Over the years, S4C has firmly established itself as the place to be on Sundays. Yes, we have our very own Songs of Praise (Dechrau Canu Dechrau Canmol, b. 1961, which inspired the BBC version) and a Countryfile/Coast mash-up in Cynefin. But from autumn to late spring, nine o’clock Sunday is Drama O’Clock.
The 1980s and 1990s were they heydays of the Costume Drama, from endless adaptations of Dr Kate Roberts’ (“queen of the Welsh language short story”) stories about the struggles of the Gwynedd quarrying communities, to Manon Rhys’ Y Palmant Aur (The Golden Pavement) an epic 1920s retelling of the myriad families of Cardiganshire who set up successful dairy firms in London.
By the new century, expensive period plays soon dried up as austerity hit and the Welsh language broadcaster was suddenly faced with filling the extra hours previously provided by Channel 4’s Brookside et al.
Scriptwriters and directors now had to produce top-notch stories on a strained budget.
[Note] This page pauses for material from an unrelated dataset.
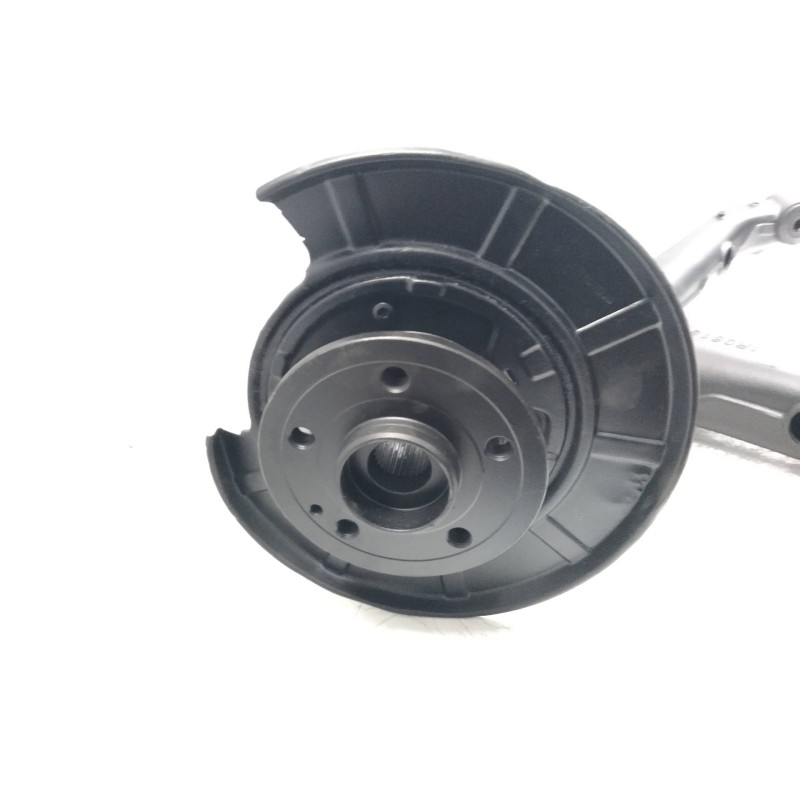 Recambio de mangueta trasera derecha para mercedes vito caja cerrada 6.03  109 cdi compacto (639.601) referencia OEM IAM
Hence, the era of S4C/BBC Wales co-productions such as:
- The surprise network hit UnBore Mercher (Keeping Faith)
- Dark and disturbing Craith (Hidden, now filming the second series in Blaenau Ffestiniogand Cardiff)
- International hit Y Gwyll (Hinterland) 2013-2016 (“The TV noir so good they made it twice” and “the dark Hinterland doubles up as a travelogue”) financed by the Cardiff Bay government and EU’s MEDIA programme. Well done, Welsh Brexiteers.
Despite their excellence, some were critial of the stiff dialogue and dodgy translations.
Series one of Y Gwyll suffered from this. Craith had some serious miscastings and an unnaturally high number of Hwntws (south Walians, from tu hwnt meaning ‘far away over there’ or ‘beyond’) living and working amongst the Gogs (from gogledd, “north”) in deepest darkest Snowdonia, whereas white trash from Walsall would’ve been more believable*.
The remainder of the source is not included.